This book is very different, in manifold ways. The previous book was a novel wrapped around a mathematical idea. In the process of telling a story, Doxiadis explained the mathematical problem. It was pretty straight forward - not the problem, the approach. But this book is a tutorial on logic, a historical review of the most dramatic development in logic, a chronological synopsis of how higher mathematics, philosophy and logic became intertwined and coupled. AND, the book did this in a comic book format. The approach is, of course very ambitious. The question then is: was it successful?
This may seem cowardly, but it does echo the book's conclusion: it is really up to the reader.

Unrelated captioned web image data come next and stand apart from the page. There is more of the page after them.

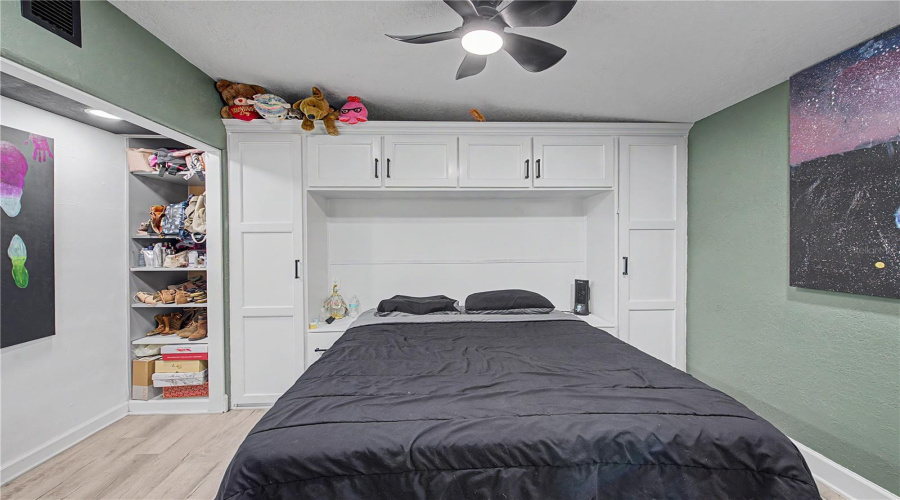 Auburndale, Florida 33823, 2 Bedroom Bedrooms, ,1 Bathroombathrooms,Residential,For Sale,Cordova,0,Mfrtb8541710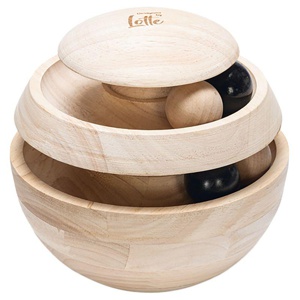 Designed by Lotte Katzenspielzeug Neya aus Holz Produktbild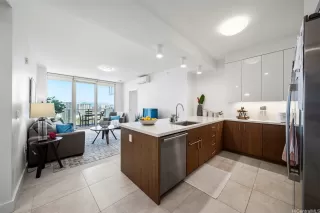 Photo #4: 202606817 Listing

The book poses the question early on: pure logic will lead a rational person to a right conclusion to a difficult moral problem, in this case, whether Britain should enter into WWII against Hitler. The entire book then is predicated upon the literary mechanism to introduce a wide spanning discourse on the development of 20th century logic, the narrative is taken through all of its twists and turns by the narrator in the form of Bertrand Russell, with occasional self referencing vignettes of the writing and drawing teams of this book.

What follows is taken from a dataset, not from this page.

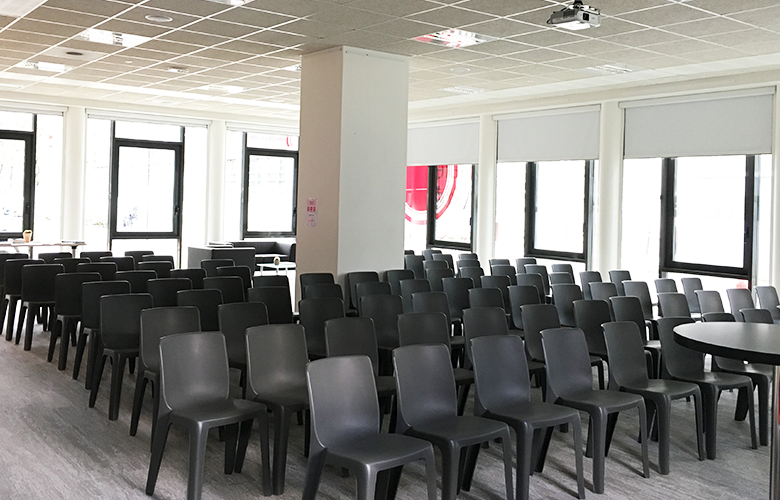 Hall de conférence en plein coeur du quartier de la création Nantes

Russell is a natural choice, and his life in the higher altitude work in philosophy and mathematics really fits in nicely with the history of the logical arguments.
While it's a pleasant and quick read, this book's execution hardly lives up to the promise of its brilliant and appealing concept (nor to its "epic" subtitle). Rather than a tightly structured comic-book intellectual biography of Bertrand Russell, this is a scattered mess of a book with too many (albeit quite promising) ideas and much too little successful execution. The book is simply trying to be too many things at once:
First, and most successfully, it wants to be an introduction to the "foundations" of mathematics, the early-20th-century efforts by philosophers and mathematicians to provide a firm axiomatic ground on which to establish a base for the higher-flown efforts of mathematics, which resulted in the development of mathematical logic and thus eventually led to the digital computer. The book gives even a lay reader enough little nuggets of this field to pique their interest, though often it doesn't explain in much depth. And the exposition does sometimes come off a bit condescending, as if the authors didn't trust us to follow them into a truly complex field like set theory.
And, furthermore and far worse, the book often doesn't even try to take advantage of its format by developing the ideas in image form -- instead it gives page after solid page of hastily-drawn panels of Russell (or the authors themselves!) lecturing the reader in massive word balloons, wasting all the opportunities afforded by its comic-book form. Still, had the book remained on the level of a "Russell for Beginners"-type introductory comic, it would have been a fair piece of work.